PSA: 1Password uses “1Password.co” for email links — instead of their usual “1Password.com” domain.

Craig Hockenberry:

So the “phishing link” with the .co domain was a valid link and documented as such.

But I still find it inexcusable.

That link caused 30 minutes of complete panic. I know enough about how phishing works to know how absolutely fucked I’d be if that link hadn’t just been to track my click in the email.

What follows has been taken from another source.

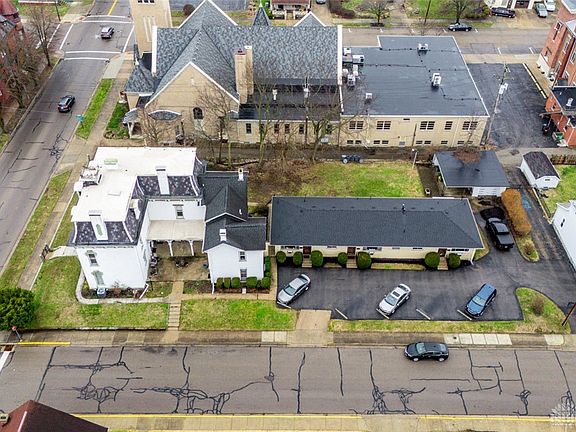5th image of 215 E Linden Ave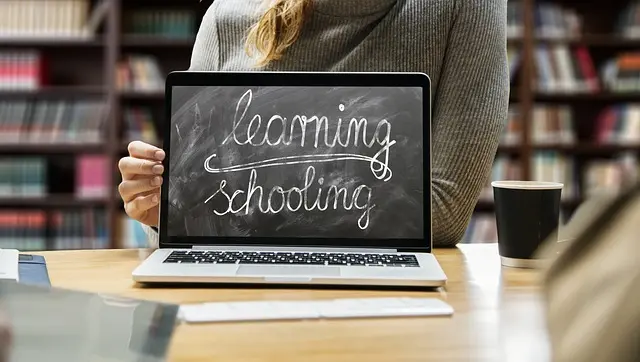 Cómo elegir la plataforma de e-learning ideal para tu negocio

Which brings up another question: why is a company I pay to protect my private information using tracking links in the emails it sends me?

Cabel Sasser:

Craig isn’t an idiot; it 100% feels like phishing. If you ask me, tracking link clicks and opens in emails is simply not worth the potential freak-out when you think you’ve been phished[…]

Sam Schmitt:

Another way of looking at this: [it’s] best practice to use a different domain for stuff like this. If the marketing tool gets compromised, you don’t want it to have the ability to send actual phishing domains on the real domain. You’ll see it with other stuff, like Microsoft logins being on “microsoftonline.com”. I agree it does mean you do some double takes.

Hex Batch:

best practice is using subdomains and not cousin domains.

Troy Hunt:

What makes this situation so ridiculous is that while we’re all watching for scammers attempting to imitate legitimate organisations, FedEx is out there imitating scammers! Here we are in the era of burgeoning AI-driven scams that are becoming increasingly hard for humans to identify, and FedEx is like “here, hold my beer” as they one-up the scammers at their own game and do a perfect job of being completely indistinguishable from them.

Previously:

2 Comments RSS · Twitter · Mastodon

I realize that I'm old-school, but I still find it perplexing that reputable companies choose to use Colombian domains for anything at all.

> If the marketing tool gets compromised, you don’t want it to have the ability to send actual phishing domains on the real domain.

But it now is a real domain, and people are used to clicking on links on it. So it wouldn’t mitigate anything.